Bangjo, Tiyang Jogja, dan Teks

          Sedari kemaren, di setiap pagi saya, rambu-rambu lalu lintas selalu menjadi tetenger untuk kembali. Rute olahraga pagi, dari kontrak ke rambu-rambu, sudah lebih dari cukup untuk sekedar melemaskan tubuh dan menghangatkan tubuh di pagi Jogjakarta yang sejuk. Lampu lalu lintas itu bermakna penting bagi saya.
          Di lain pagi, tidak sengaja dalam ranah pikir saya terbesit tanya: bangjo ini kala siang sangat disegani dan dibuat sakral oleh kebanyakan pemakai jalan, tetapi kenapa pada dini harinya malah hanya menjadi pajangan tak berarti. Saya kurang tahu, dalam ranah hukum lalu lintas Indonesia, apakah ini termasuk pelanggaran atau tidak. Yang pasti, jika dalam keadaan lampu merah menyala, tetapi pemakai jalan masih berjalan, itu adalah pelanggaran.

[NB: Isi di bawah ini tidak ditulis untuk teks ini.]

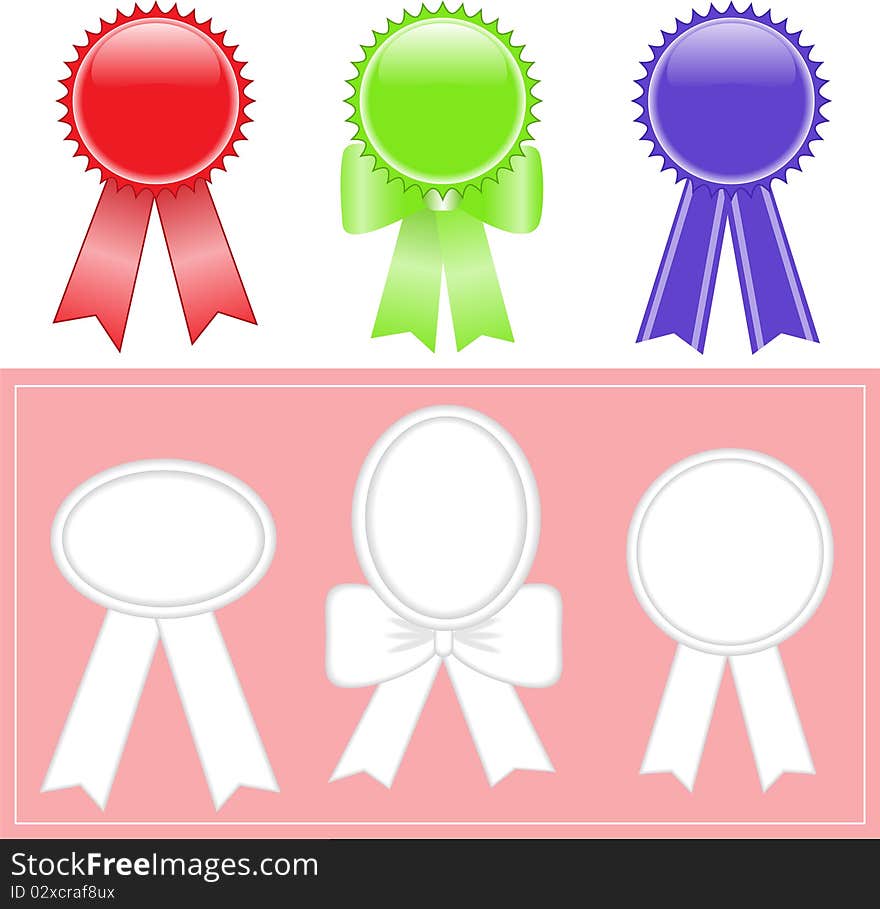 Set color and monochrome medals of various shapes. Set color and monochrome medals of various shapes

Setiap pelanggaran pasti ada konsekuensi. Kenyataannya, mereka, semua pemakain jalan di dini hari, tidak mendapatkan hukuman apapun. Ini adalah kota yang bagi saya bermasyarakat luhur, etika sangat diistimewakan di sini, akan tetapi tetap saja, hukuman bagi pelanggaran lalu lintas di setiap pagi Jogja tidak ada tindakan tegas.
Dalam hal ini tidak ada yang perlu disalahkan atau menyalahkan. Karena memang tidak ada yang salah. Tujuan pertama didirikannya lalin adalah meminimalis kemacetan, kecelakaan, dan keribetan dalam berkendara. Di dini hari, pemakai jalan  bisa dikata sangat minim, sehingga tanpa adanya lalu lintas pun kemungkinan terjadinya kecelakaan atau kemacetan sangatlah sedikit bahkan tidak ada. Main core dari adanya lalin tak bukan adalah untuk menghindari kemacetan dan kecelakaan. Dengan demikian, ketika inti dari sebuah tujuan sudah tercapai, cukup sudah, hukum lalin hanya sekedar hukum, untuk mematuhinya pun saru jika diwajibkan. Tidak ada masalah ketika tidak ada hukuman dari polisi untuk yang bersangkutan.
          Ini tidak berbeda jauh dengan hukum islam. Berangkat dari analogi di atas, akan lebih indah jika Islam dijalankan seperti itu. Penekanan yang baik seharusnya pada inti tujuan ajarannya bukan metode atau peraturan-peraturannya yang selalu mengikat. Sehingga, ketika kita sembahyang, yang perlu kita prioritaskan adalah bagaimana kita bisa tenang dan nyaman di dalamnya, tidak pada pakaian apa yang layak kita pakai. Begitu juga memelihara anjing. Ketika dalam memelihara anjing kita bisa menjaga dari jilatan dan gigitannya, tidaklah masalah. Alasan pertama tidak dianjurkannya memelihara anjing adalah agar kita bersih dari sumber najis itu. Dan jika kita sudah bisa menjaga dari semua alasan itu, apa yang perlu dipermasalahkan. Saya kira itu.
Hal tersebut sama dengan konsep Islam Historis. Hanya dengan pendekatan inilah islam bisa benar-benar rahmatan lil alamin. Meminjam istilahnya Bapak Amin Abdullah, eks rektor UIN SUKA: Islam hanyalah sebatas ajaran abad enam masehi yang hanya untuk kehidupan saat itu jika tidak dibarengi dengan pendekatan secara historis. Menilai islam tidak harus kaku dan sesuai dengan peraturan-peraturan yang klasik. Pembaruan peraturan perlu diadakan dengan tetap pada koridor teks islam: Quran dan Sunnah.
Dalam wilayah lain, di penghujung hari ini, perhatian saya tersita dengan salah satu perempatan jalan menuju mato. Perempatan itu tidak berambu. Tetapi pemakai jalan sore tadi sangat ramai, melebihi kapasitas keramaian yang biasanya terlihat pada bangjo lainnya di Jogjakarta. Melihat fenomena ini, hipotesis saya menyimpulkan—rambu-rambu lalu lintas, terpakai atau tidak, masihlah sangat perlu—dan inilah potret nyatanya. Semua pemakai jalan terbingungkan akan keadaan itu. Kemacetan luar biasa pecah di sepanjang jalan mataram. Tidak akan ada titik temu selama belum ada intervensi dari beberapa oknum yang mau mengaturnya. Hukum islam, peraturan-peraturannya, dan sebagainya, bagaimanapun juga masih sangat diperlukan. Pendekatan normatif, sepertinya harga mati dalam hal ini.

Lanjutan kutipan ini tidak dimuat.